Encoding Data with Sound

published 07/28/2022 • 3m reading time • 277 views

Back in the 1970s and 80s before floppy discs were affordable, cassette tapes were the primary storage medium used by home computer owners. The tapes had a waveform that could be decoded back into binary data.

In this project I wanted to make my own system to de/encode data into sound waves.

Encoding Method

On the Commodore Dataset the voltage crossing from positive to negative is measured and the time between two of these crossings represents a 1 or 0 bit. A longer time may represent a 1 while a shorter time may represent a 0. This is the encoding method I decided to use. Here is a photo from Wikipedia showing the process:

Diagram of data encoding

Implementation

To make the sound files I used the hound crate for reading / writing wav files. I also used the bitvec library to cleanly access the bits inside the bytes.

Encoding

For making the waveform I made an iterator that takes in some bytes and when next is called will output the next value needed to make the waveform.

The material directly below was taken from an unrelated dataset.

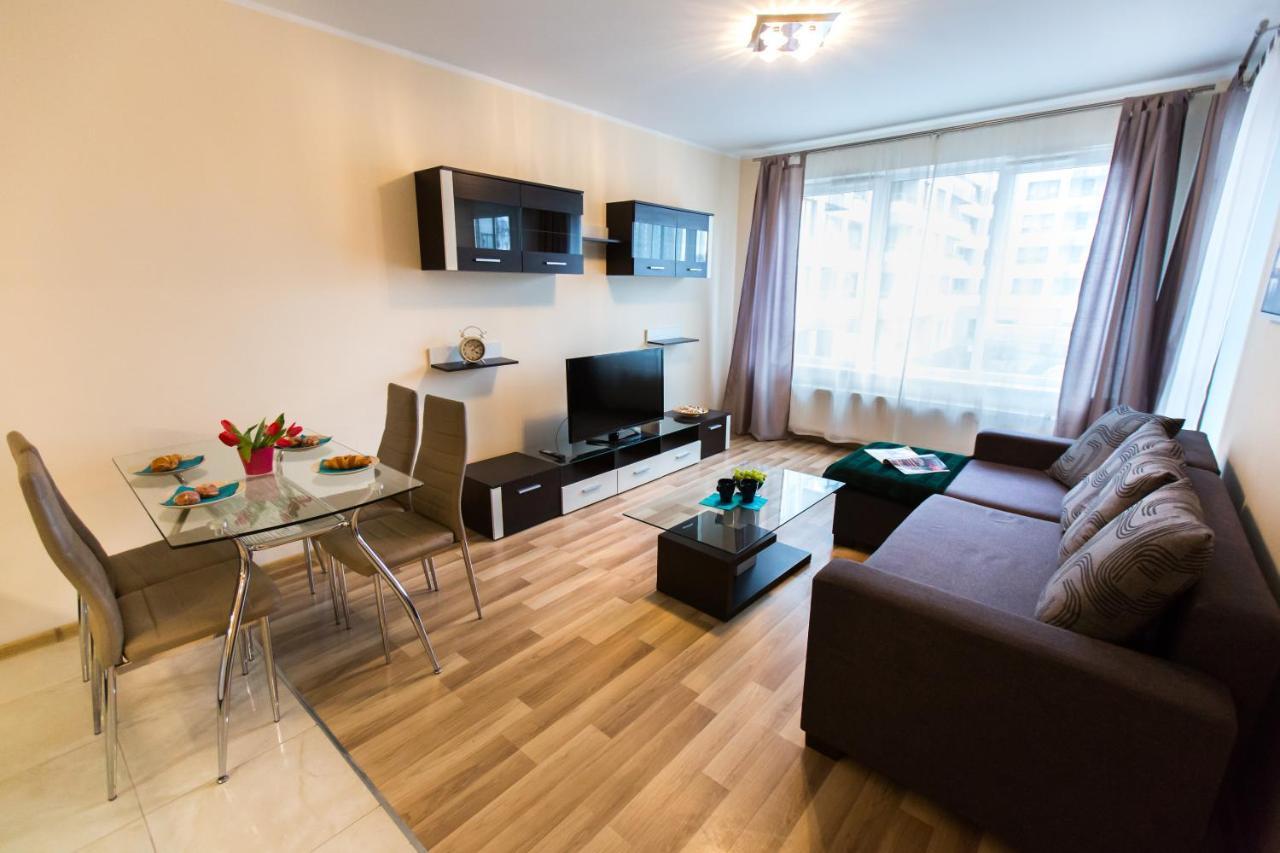 Pcd Aparthotel Ochota Варшава Екстериор снимка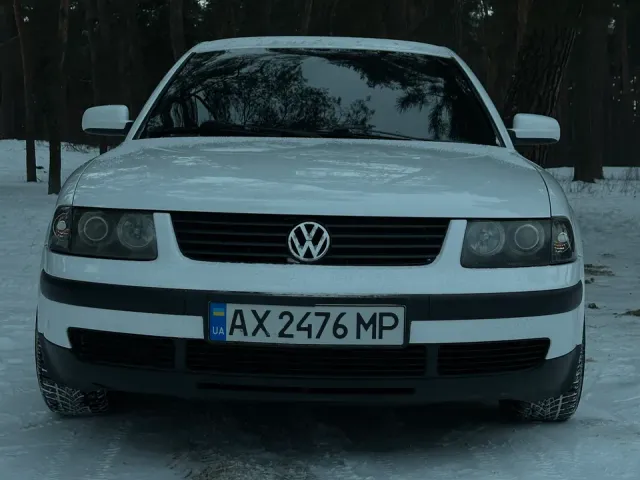 Volkswagen Passat - фото 1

In the new function it uses the bitvec view_bits method and makes a bit vec with all the bits of the supplied byte array. It also inits the index and wave fields.

pub struct BinEncoder {
    data: BitVec<u8, Lsb0>,
    index: usize,
    wave: f32,
}

impl BinEncoder {
    pub fn new(data: &[u8]) -> Self {
        let mut out = BitVec::new();
        data.iter().for_each(|x| out.extend(x.view_bits::<Lsb0>()));

        Self {
            data: out,
            index: 0,
            wave: 0.,
        }
    }
}

Now in the iterator implementation every time next is called, it first checks if there is no more data. If there is still data it gets the value of the current bit and adds to the wave percent (3% if 1 6% if 0). It then checks if the wave percent is grater than or equal to 200%, in which case the bit index is incremented, and the wave percent is reset. Finally, it calculates the audio value with -(PI * self.wave).sin() and if the bit is 0 divides it by 2. Which makes a sine wave that is shorter and thinner when on a 0 bit.

impl Iterator for BinEncoder {
    type Item = f32;

    fn next(&mut self) -> Option<Self::Item> {
        if self.index + 1 >= self.data.len() {
            return None;
        }

        let bit = self.data[self.index];
        self.wave += match bit {
            true => 0.03,
            false => 0.06,
        };

        if self.wave > 2. {
            self.index += 1;
            self.wave = 0.03;
        }

        let mut val = -(PI * self.wave).sin();
        if !bit {
            val /= 2.;
        }

        Some(val)
    }
}

This can be put together to load a file and write the new audio file.

let mut writer = WavWriter::create(
    "audio.wav",
    WavSpec {
        channels: 1,
        sample_rate: 44100,
        bits_per_sample: 32,
        sample_format: SampleFormat::Float,
    },
)
.unwrap();

let encoder = BinEncoder::new(&fs::read("mango.jpg").unwrap());
encoder.for_each(|x| writer.write_sample(x).unwrap());

What all this does is makes a waveform similar to the one showed in the diagram above. Here is a little screenshot of the actual waveform generated:

Real data encoded

Decoding

Now onto decoding the waveform back into the original bytes. First the audio data is loaded, in this example from audio.wav.

let mut reader = WavReader::open("./audio.wav").unwrap();
let samples = reader
    .samples::<f32>()
    .map(|x| x.unwrap())
    .collect::<Vec<_>>();

We init some variables:

Variable Description
i Sample index
start Sample index of the last positive to negative cross
data bitvec of all received bits
let mut i = 1;
let mut start = 0;
let mut data = BitVec::<u8, Lsb0>::new();

Then we start to decode. While there are still more samples if the current sample is negative and the previous sample is positive then a positive to negative cross has been detected. When this happens the time difference between the current sample and the last cross is compared to a threshold and the bit is added to the bitvec, the start variable is set to the current index and we continue.

while i < samples.len() {
    if samples[i] < 0. && samples[i - 1] >= 0. {
        data.push(i - start > 50);
        start = i;
    }

    i += 1;
}

Finally, the data can be written back to a file:

fs::write("mango.jpg", data.into_vec()).unwrap();

Example

For an example I converted this nice picture of a mango.

Conclusion

Welp that’s all. Hopefully this was at least mildly interesting.

If I’m lucky this will be able to read real dataset cassettes without much modification, which would be really cool. So if that works out maybe you will see an article about it sometime.